# TO DO
Could the records below please be retyped exactly, with their pictures left out?

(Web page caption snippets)
____
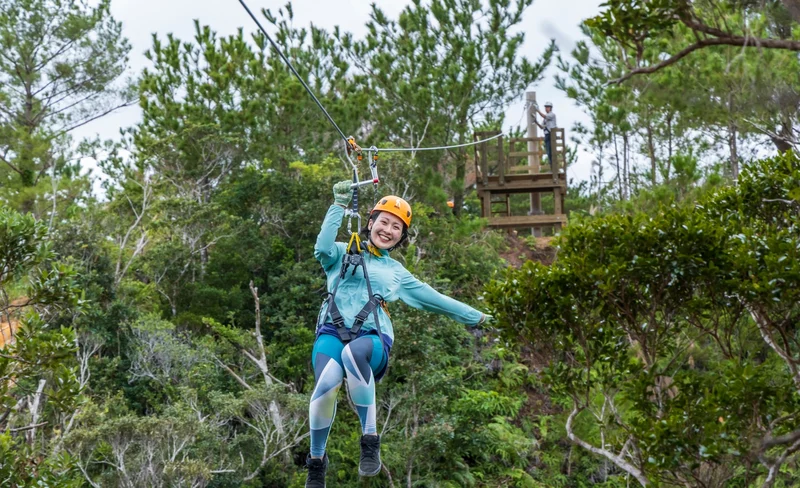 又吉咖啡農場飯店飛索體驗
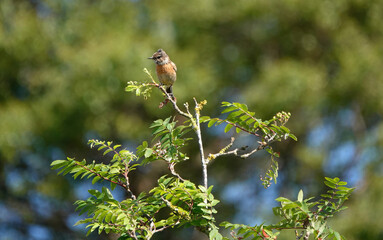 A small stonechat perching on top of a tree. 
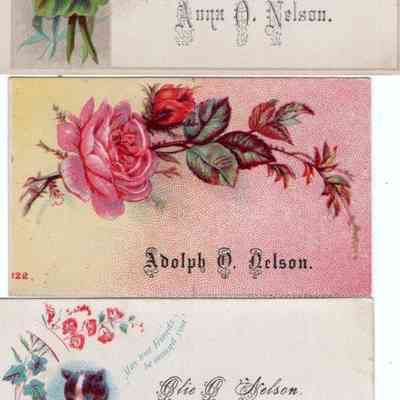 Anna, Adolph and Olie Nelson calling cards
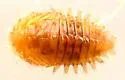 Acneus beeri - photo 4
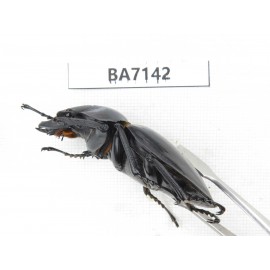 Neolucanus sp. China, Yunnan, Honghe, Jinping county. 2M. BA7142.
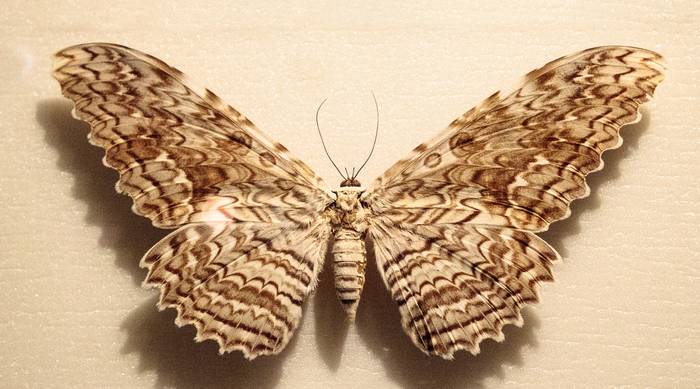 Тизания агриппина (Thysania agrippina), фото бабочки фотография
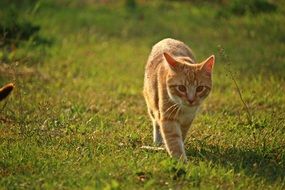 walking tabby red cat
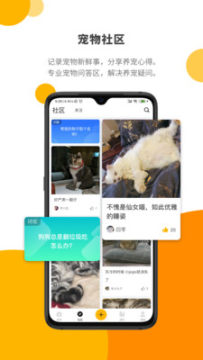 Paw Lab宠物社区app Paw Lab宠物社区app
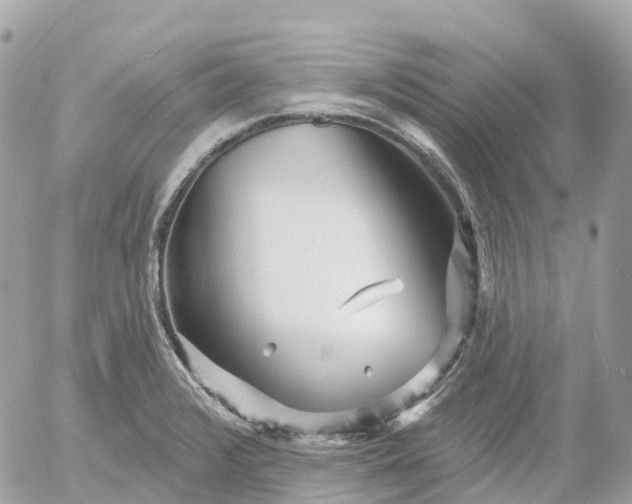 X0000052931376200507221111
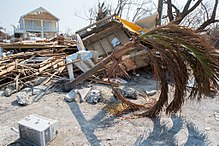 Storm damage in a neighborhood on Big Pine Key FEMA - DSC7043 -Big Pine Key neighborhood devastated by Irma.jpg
____
# YOUR SOLUTION
 又吉咖啡農場飯店飛索體驗
 A small stonechat perching on top of a tree. 
 Anna, Adolph and Olie Nelson calling cards
 Acneus beeri - photo 4
 Neolucanus sp. China, Yunnan, Honghe, Jinping county. 2M. BA7142.
 Тизания агриппина (Thysania agrippina), фото бабочки фотография
 walking tabby red cat
 Paw Lab宠物社区app Paw Lab宠物社区app
 X0000052931376200507221111
 Storm damage in a neighborhood on Big Pine Key FEMA - DSC7043 -Big Pine Key neighborhood devastated by Irma.jpg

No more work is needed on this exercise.